Every motion I have made today is a lonesome move. One of her beds is at my feet as I type, with a telling biscuit left behind. She was too sick for a treat. Mabel has ignored it. Poor Milly.
Poor me. Poor Steve. Even poor Mabel, who goes outside and looks back expecting to see her curly little shadow. At almost 14, her date with destiny cannot be far off. Hell, we have to pave the stairs with Velveeta every night so Mabel has the will to climb.
I thought that typing this would make me feel better, and it has not.
Time will soothe me, I know that.

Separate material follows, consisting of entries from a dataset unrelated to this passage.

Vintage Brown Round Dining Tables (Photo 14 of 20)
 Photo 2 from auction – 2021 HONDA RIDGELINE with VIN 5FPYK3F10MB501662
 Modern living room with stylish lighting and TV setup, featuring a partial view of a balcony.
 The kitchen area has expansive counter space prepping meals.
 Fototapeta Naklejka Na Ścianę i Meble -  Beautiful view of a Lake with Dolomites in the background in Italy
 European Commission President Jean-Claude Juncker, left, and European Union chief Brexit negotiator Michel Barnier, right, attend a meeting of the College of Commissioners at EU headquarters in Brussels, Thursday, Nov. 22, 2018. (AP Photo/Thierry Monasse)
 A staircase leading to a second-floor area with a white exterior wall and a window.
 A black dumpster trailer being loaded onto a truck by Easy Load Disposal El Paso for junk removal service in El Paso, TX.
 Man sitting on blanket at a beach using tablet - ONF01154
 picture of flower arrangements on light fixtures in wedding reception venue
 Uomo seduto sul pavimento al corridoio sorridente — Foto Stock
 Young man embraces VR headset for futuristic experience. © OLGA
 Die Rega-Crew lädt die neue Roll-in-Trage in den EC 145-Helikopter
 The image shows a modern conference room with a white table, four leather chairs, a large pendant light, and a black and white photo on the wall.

I just needed to proclaim: my chipper little Portuguese Water Dog was a gift that eased a complicated decade for Steve and me. She was always by our sides, looking up with her crazy smile and dedicated affection. She loved the kids, she loved Mabel and she loved every moment of her day. (Mostly those with food or treats) She had puppy energy and bounce until the weekend she died.
So there’s that
Now I am U turning to California to disassemble Roger Dahl’s life- a human life. I feel squirrelly memorializing Milly before I have gathered words for Roger. Still, I have no guilt. Milly gave me about 3000 days of comfort and happiness. No matter how we scolded her, she never withheld affection. The simplicity of a dog’s love is affirming. I owe her a good send off.
And if, by some crazy chaos in the universe there IS a freaking Rainbow Bridge, dammit- I’ll see you there, Milly. I’ll have a bag of buns.